Either way it means the connection was reset or disconnected, it's the same to asyncio. So it seems accept() should probably just retry without doing anything (there's no connection it can return). Perhaps in debug mode it could log something at the debug level. For recv() and friends we should discuss this in gh-83037.

gvanrossum commented 1 year ago

Looking for a volunteer to implement the proposed fix from my previous comment -- accept() should just retry instead of closing the socket, when ERROR_NETNAME_DELETED occurs. The code from gh-18199 can serve as an example.

fercod commented 1 year ago

Latest Findings

When AcceptEx encounter an ERROR_NETNAME_DELETED with WSAGetLastError() (overlapped.c), this leads into an OSError when ov.getresult() is called at windows_events.py:576, this OSError is then catched up by BaseProactorEventLoop proactor_events.py:856 and leads into closing the listening sock.

The "real" underlying error that on my case occurs is a "WSAECONNRESET" while accepting the connection socket.

How can we deal with WSAECONNRESET or ERROR_NETNAME_DELETED errors when accpeting a socket without closing the listening socket, a easy fix is just closing accept socket and raise a ConnectionResetError that is cached from BaseProactorEventLoop serving loop.

--- a/Lib/asyncio/windows_events.py
+++ b/Lib/asyncio/windows_events.py
@@ -577,7 +577,13 @@ def accept(self, listener):
         ov.AcceptEx(listener.fileno(), conn.fileno())

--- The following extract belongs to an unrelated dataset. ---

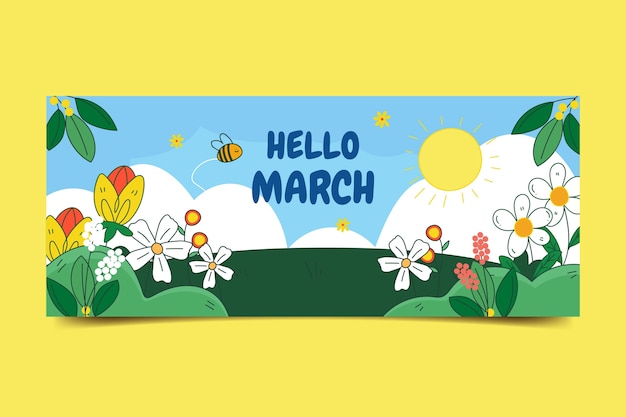 Banner o fondo de hola marzo dibujado a mano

         def finish_accept(trans, key, ov):
-            ov.getresult()
+            try:
+                ov.getresult()
+            except OSError as exc:
+                if exc.winerror in (_overlapped.ERROR_NETNAME_DELETED,
+                                    _overlapped.ERROR_OPERATION_ABORTED):
+                    conn.close()
+                    raise ConnectionResetError(*exc.args)
+                raise
             # Use SO_UPDATE_ACCEPT_CONTEXT so getsockname() etc work.
             buf = struct.pack('@P', listener.fileno())
             conn.setsockopt(socket.SOL_SOCKET,
index ddb9daca02..4b3d24c4e8 100644
--- a/Lib/asyncio/proactor_events.py
+++ b/Lib/asyncio/proactor_events.py
@@ -854,6 +854,8 @@ def loop(f=None):
                 if self.is_closed():
                     return
                 f = self._proactor.accept(sock)
+            except ConnectionResetError:
+                self.call_soon(loop)
             except OSError as exc:
                 if sock.fileno() != -1:
                     self.call_exception_handler({

Thanks. This avoids my Uvicorn API (FastAPI) from crashing. Although, the following error continues to appear on the terminal: OSError: [WinError 64] The specified network name is no longer available ConnectionResetError: [WinError 64] The specified network name is no longer available

It happens to me when making multiple API requets in a short time to an endpoint which fetches data from another external API.

CoreyBird commented 2 days ago

I stumbled upon this solution after discovering it myself for the same issue mentioned. For me, this bug manifest itself by causing my server to hang up, requiring a hard restart to restore it's ability to serve again.

There are other ov.getresult() calls (one in accept, one in connect, and one in accept_pipe) - given we can get a client side closing the socket at any point I think it would make sense to catch the errors consistently for each state of the IocpProactor class.

+1 for solving the immediate issue. If we can get this in it would be a step in the right direction.